The bug seems to be in asyncmap, it assumes too much about the collection. asyncmap works like this:
- create array of
Refs in https://github.com/JuliaLang/julia/blob/95f30e51f4158dd3421cd5b8098849d24e97e497/base/asyncmap.jl#L155 - loop over these
Refs (in multiple tasks, but the multi-task aspect doesn't matter) - mutate
ref.xto store the resulting element https://github.com/JuliaLang/julia/blob/95f30e51f4158dd3421cd5b8098849d24e97e497/base/asyncmap.jl#L94
In the MWE above with StructArrays, the asyncrun variable is naturally also a StructArray (it results from map). But extracting an element from a StructArray creates a new object, not a copy – no way around it. So, the r.x = ... assignment doesn't mutate anything in the resulting array that gets returned.
I guess, to be generic, the Channel should store indices in the original array instead of elements?
Actually, my explanation above doesn't explain why it works without sleep. That I don't know...
Could someone apply the "correctness bug" label please? Seems to fit perfectly here.
the bug being that map assumes that mutating the result of getindex at some location will mutate the value in the collection?

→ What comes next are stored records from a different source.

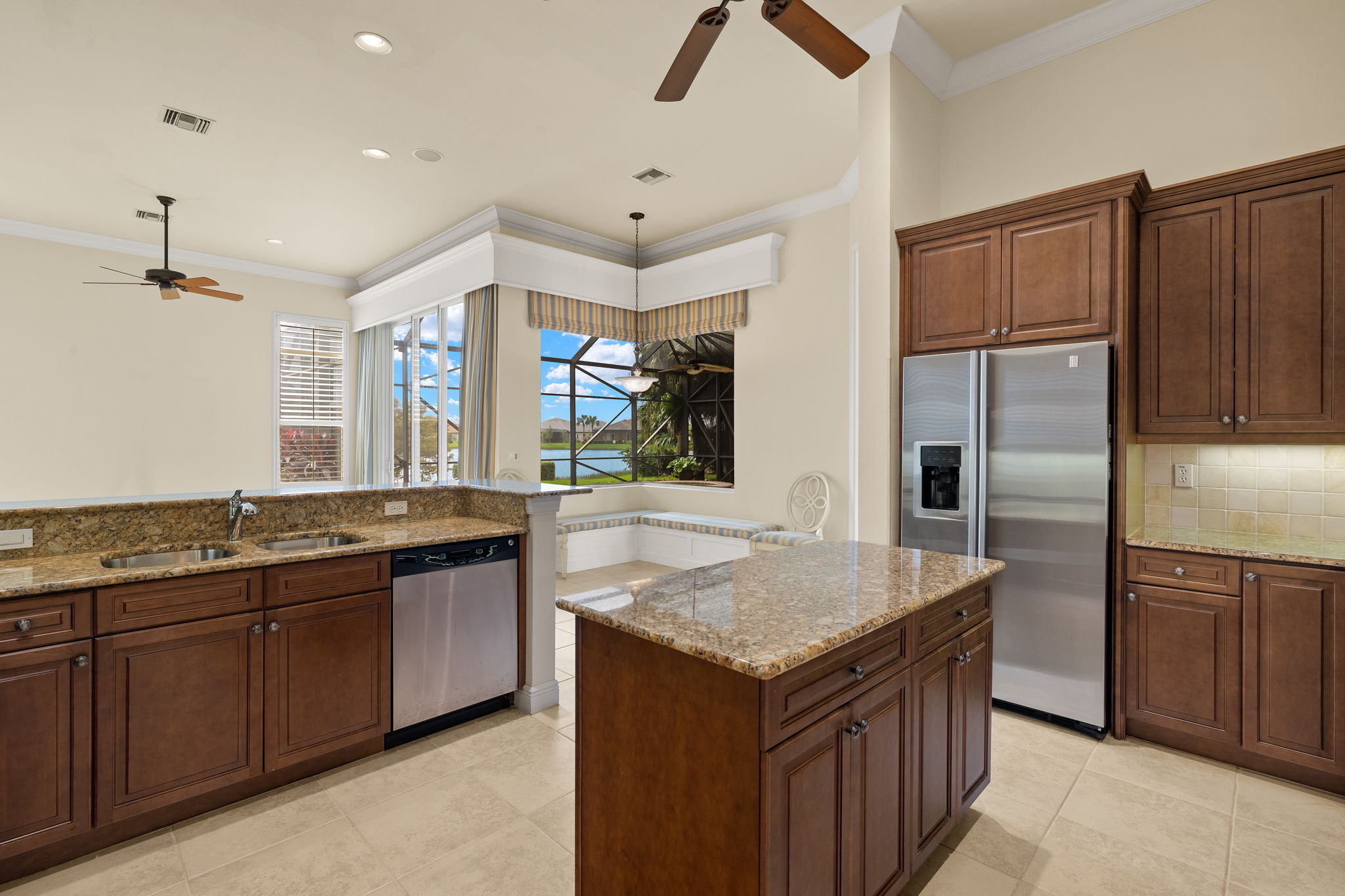 Kitchen 2 of 5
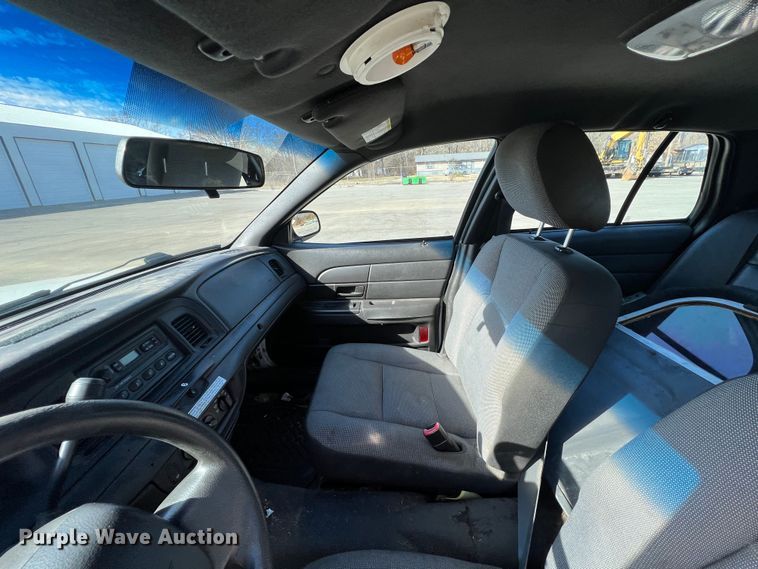 image for item KR9563 2011 Ford Crown Victoria Police Interceptor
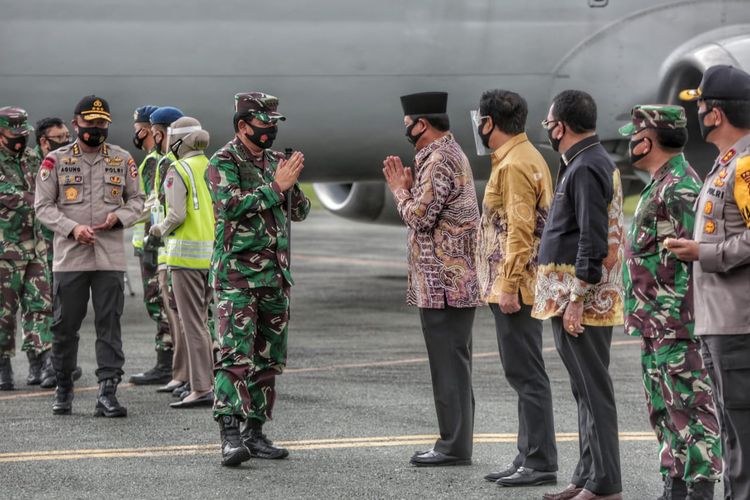 Gubernur Kalimantan Selatan Sahbirin Noor bersama Wagub Rudy Resnawan dan Forkopimda Kalsel saat menjemput kedatangan Panglima TNI Marsekal TNI Hadi Tjahjanto, di Bandara Syamsudin Noor Banjarmasin, Kamis (23/7/2020).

that sounds ... reasonable. maybe map(::StructArray) should return something that adheres to this?
given this design:
But extracting an element from a StructArray creates a new object, not a copy
I'm not entirely sure I would call a StructArray as a "collection," although it behaves in many respects like one
the bug being that map assumes that mutating the result of getindex at some location will mutate the value in the collection?
map is totally fine! it's asyncmap that is silently wrong
maybe map(::StructArray) should return something that adheres to this?
like... what?
I'm not entirely sure I would call a StructArray as a "collection,"
It perfectly fits the AbstractArray interface. StructArrays is the most popular package providing a "struct-of-arrays" object that keeps the same interface as a regular array.
adienes added [multithreading]
multithreading doesn't seem to be related
well, to be honest I'm not sure that I'd say the AbstractArray interface is defined precisely and explicitly enough such that it's even possible to adhere to it "perfectly"
I guess the question here is does getindex have to actually get you an element in the array or may it be a mirage, like in StructArrays. that is, must it hold that objectid(getindex(collection, index)) == objectid(getindex(collection, index)) for two separate calls to getindex.
I guess status quo is that the answer is "no," given that this isn't explicitly specified in the docs, but IMO it's a pretty intuitive assumption and I wouldn't be surprised if there were quite a lot of generic code relying on this.
to clarify, I definitely agree there is a bug somewhere, and I am exploring your suggestion to push indices into the Channel rather than refs. but it's just not 100% obvious to me that this is unequivocally an asyncmap correctness bug.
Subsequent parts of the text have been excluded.